On average, successful participants on both sites were able to find the correct overview page with similar amounts of page views and clicks. Despite the difference in overall success rates, the participants who were successful on the IBM site were successful in far less time than those on HP’s site.
HP user session
IBM user session
Other than quantity, both sites had surprisingly similar metrics for their non successful participants. Both sites had more participants err than abandon, meaning users felt they had reached the correct page and said they were finished rather than give up on the website. When we watched the videos, it was apparent that a majority of users on the IBM site felt that the Commerce page was what they were looking for rather than the retail industry overview page. For HP it was generally a product page, such as printed services.
Users who abandoned did so after about two minutes of searching on both sites. Users who erred, however, tended to search longer on the IBM site than those on the HP site.
HP user session
IBM user session
We split the participants equally between brands and asked them to rate their perception of the brand before and after their experience with the site.
For the rating scale: 1 = Very Negative, 4 = Neutral, and 7 = Very Positive. We also included the option for participants to say they’re not familiar with the brand.
Brand Perception Pre-Task
Both brands started with fairly high brand perception ratings from the participants, HP with 5.9 out of 7 and IBM with 5.5 out of 7.
Brand Perception Post-Task
Both sites saw a slight decrease after participants interacted with the website, but on a whole, brand perception stayed relatively stable. HP ended with a 5.6 out of 7 while IBM finished with a 5.1 out of 7.
Ease of Use
After the task we asked all the users to rate how easy or difficult it was to accomplish, with 1 = Very Difficult, 4 = Neutral and 7 = Very Easy.
HP had a slightly higher ease of use rating from participants, ending with a 4.9 out of 7. IBM ended with a 4.2 out of 7.
Problems & Frustrations
We asked the users which, if any, of the following problems they encountered while on the site.
Participants who chose “Other” were given an open-ended follow up question to explain.
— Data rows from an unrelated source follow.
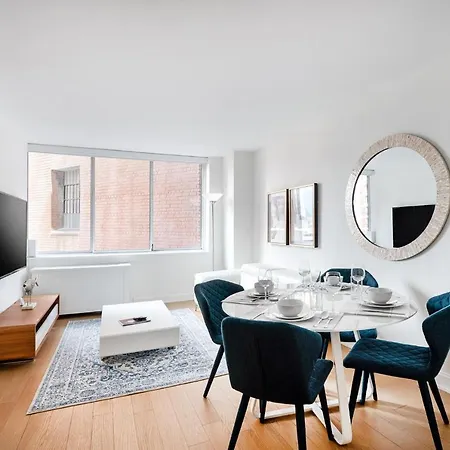 Amazing 2 Bedroom 1 Ba Apartment *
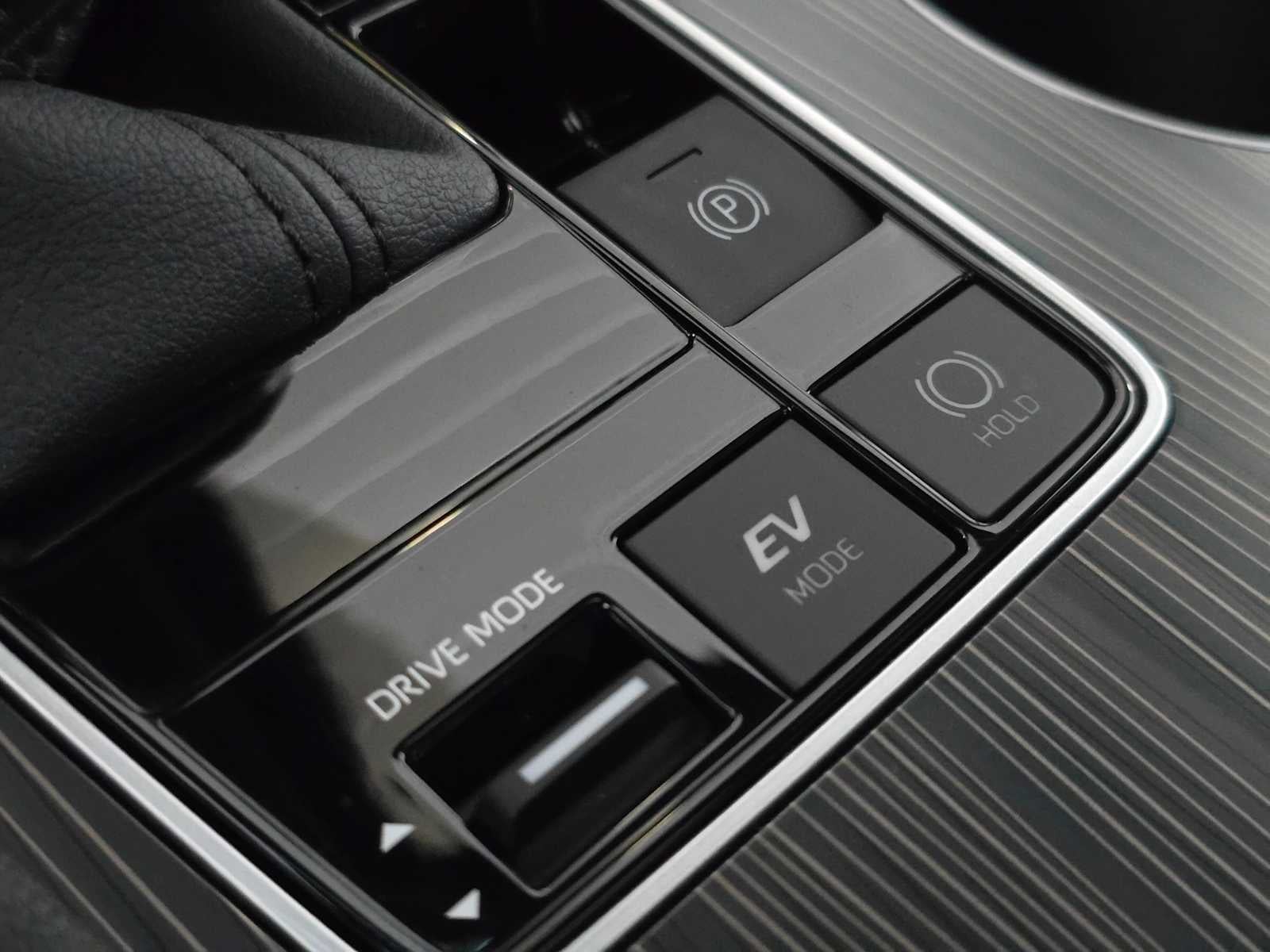 2023 Toyota Sienna Platinum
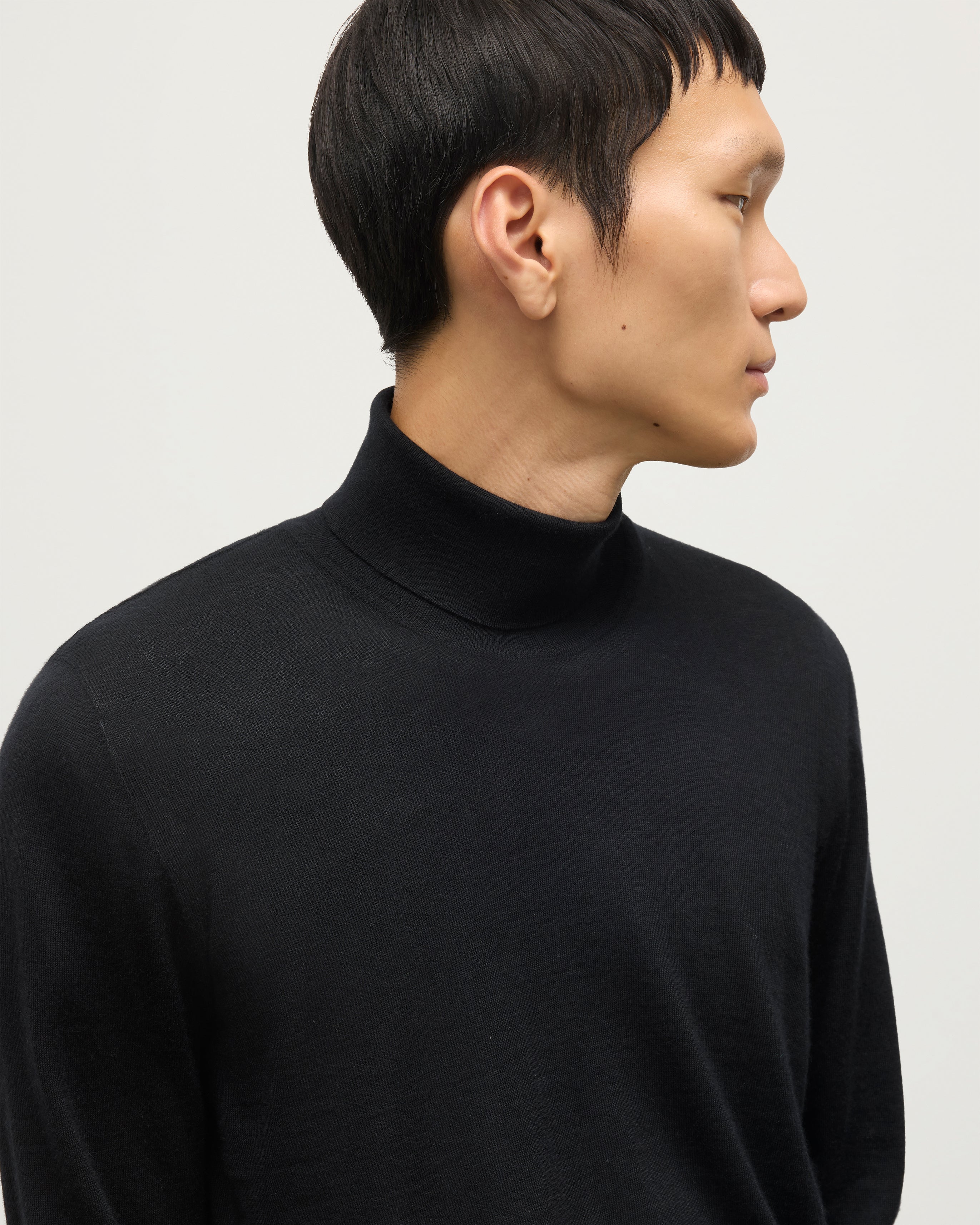 Johnstons of Elgin - Fin Black Cashmere Roll Neck Jumper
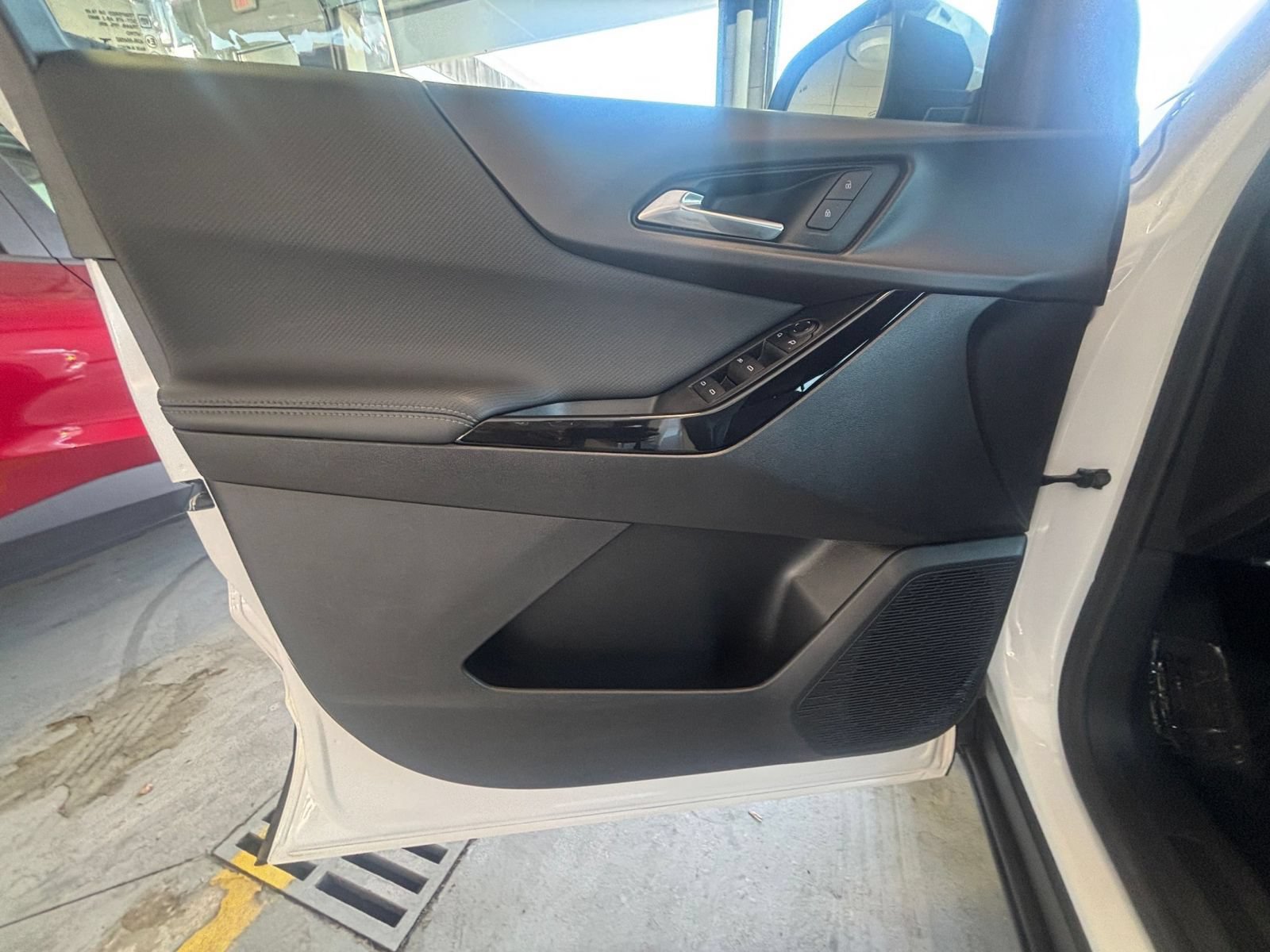 Used 2025 Chevrolet Equinox LT FWD image 18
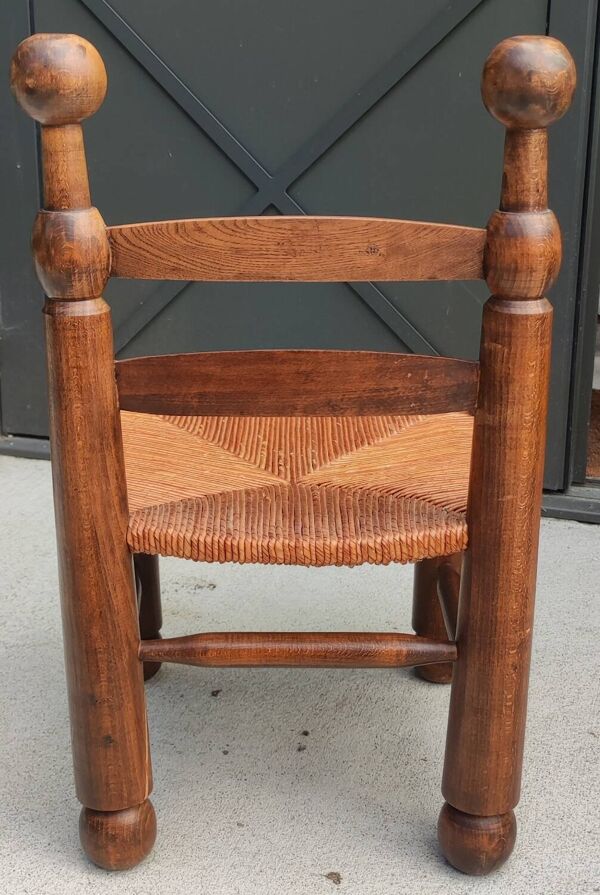 Ancienne petite chaise basse paillée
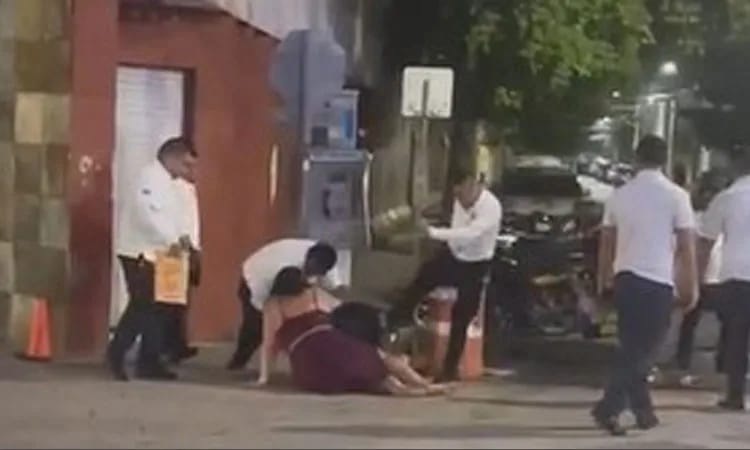 Taxistas de Playa del Carmen golpean a una pareja de turistas (VIDEO); al parecer todo se originó por el cobro excesivo de la tarifa.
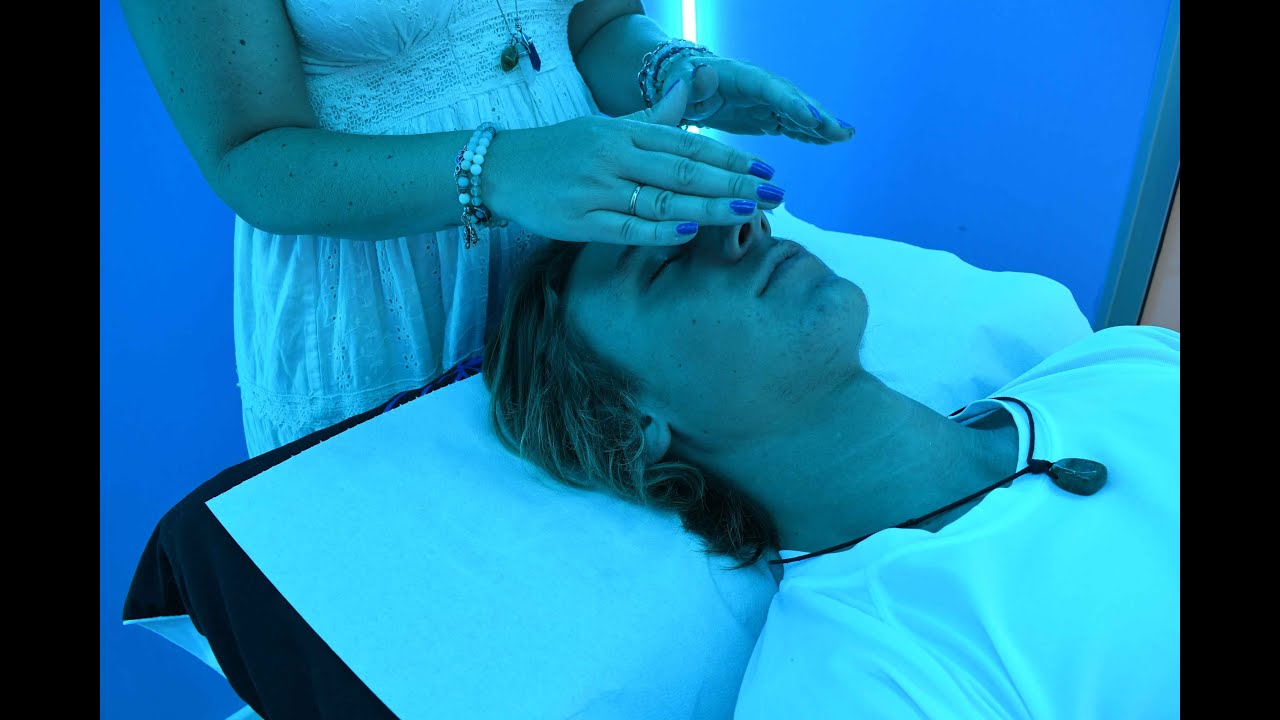 Reiki y limpieza energética en la Cueva de la Luz de Meloneras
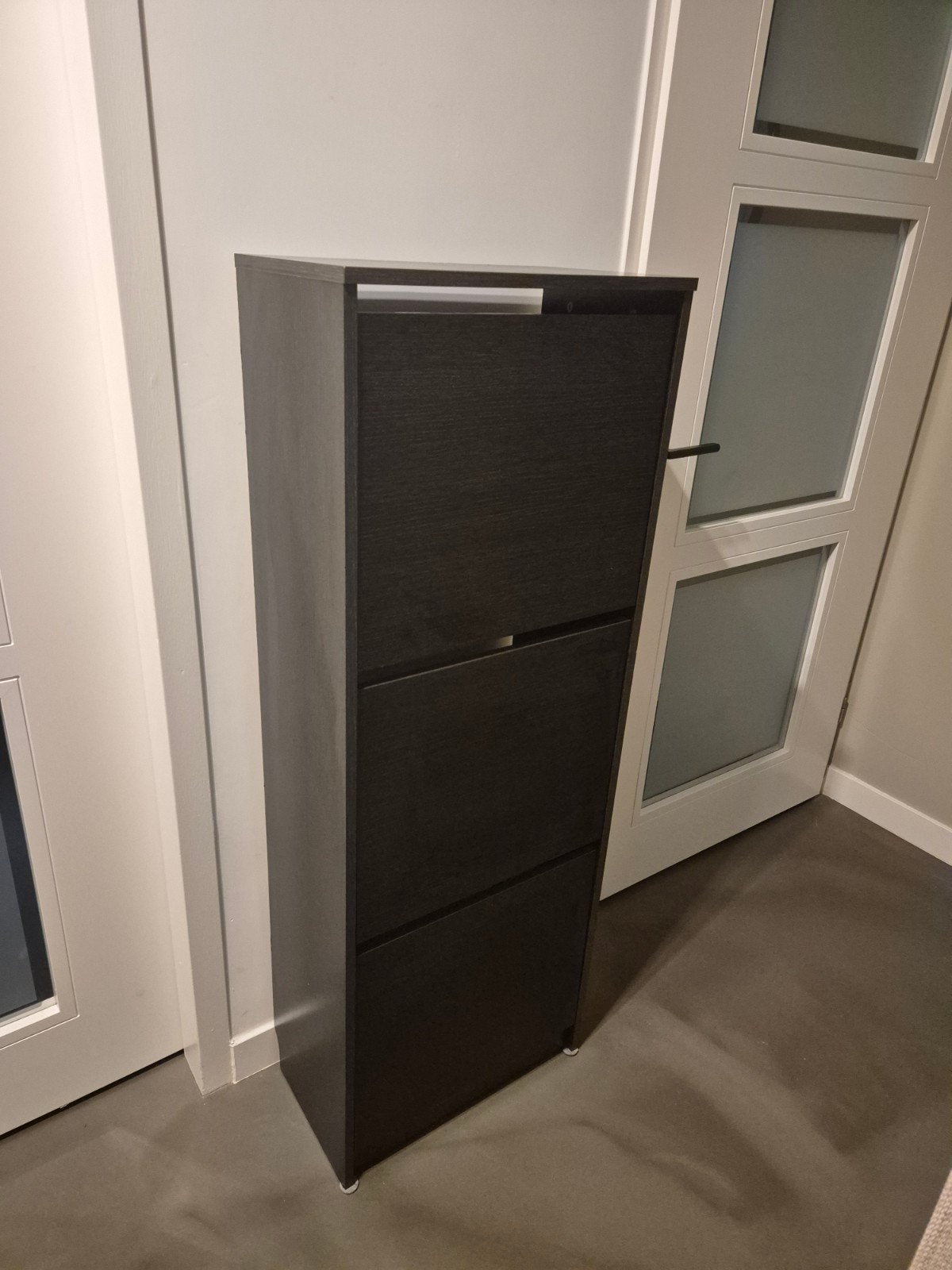IKEA BISSA schoenenkast zwartbruin 49x28x135 cm, Ophalen, Zo goed als nieuw, Modern, functioneel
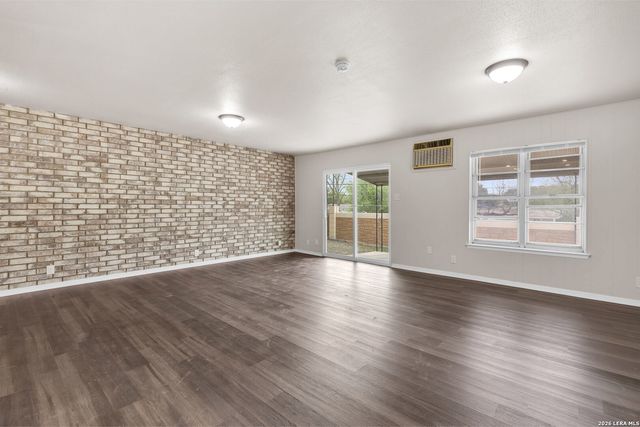 4850 Shadydale, San Antonio, TX 78228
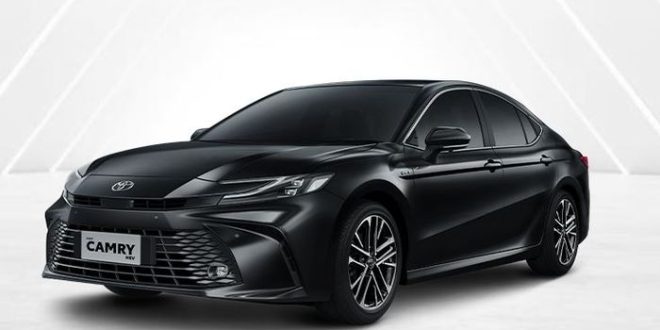 Cocok Buat yang Mau Sedan Bernuansa Mewah, Segini Harga Toyota Camry HEV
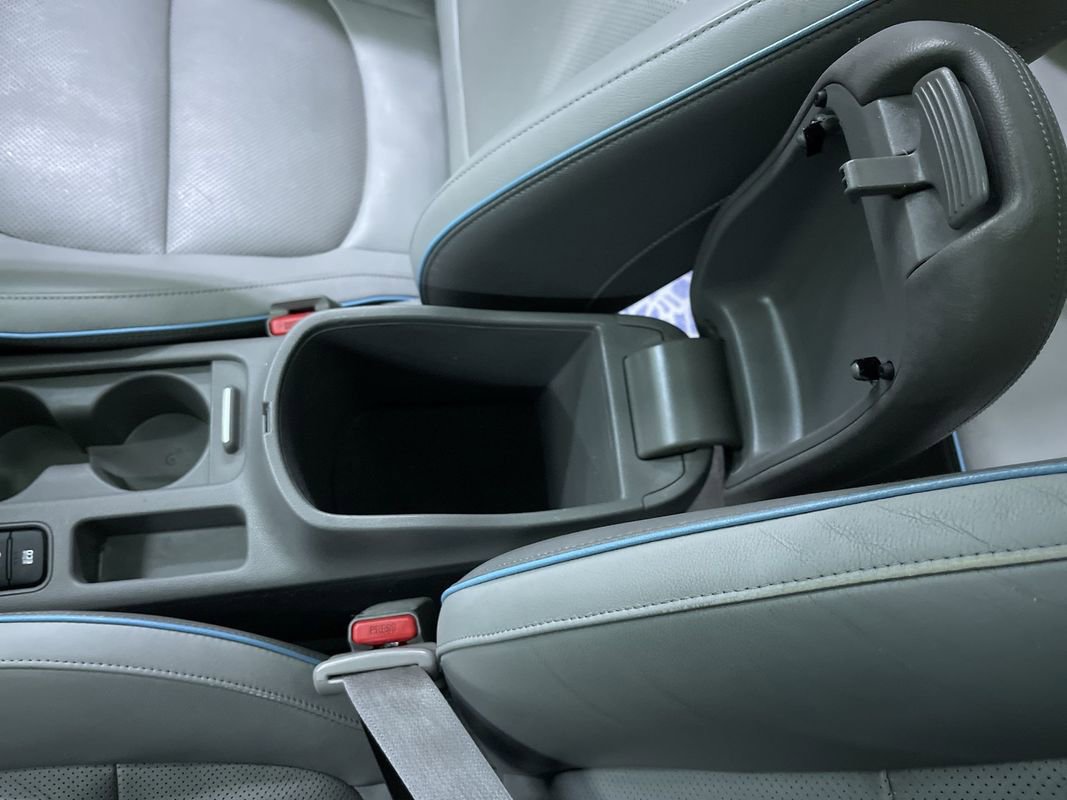 Used 2016 Kia Soul EV + w/ Sun & Fun Package image 26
This is what IBM’s user said:
- “Took too long to find what I was looking for”
Net Promoter Score (NPS)
After participants interacted with the sites we asked them to rate how likely it was they would recommend them to friends, family or colleagues.
HP’s participants were more likely to recommend the site than IBM’s participants.
Both sites performed well and had similar ease of use and brand perception ratings both before and after the task. The winner, however, in this week’s battle of technology corporations is HP for having higher success rates when it came to finding business solutions, having fewer reported problems and frustrations, and a higher overall Net Promoter Score.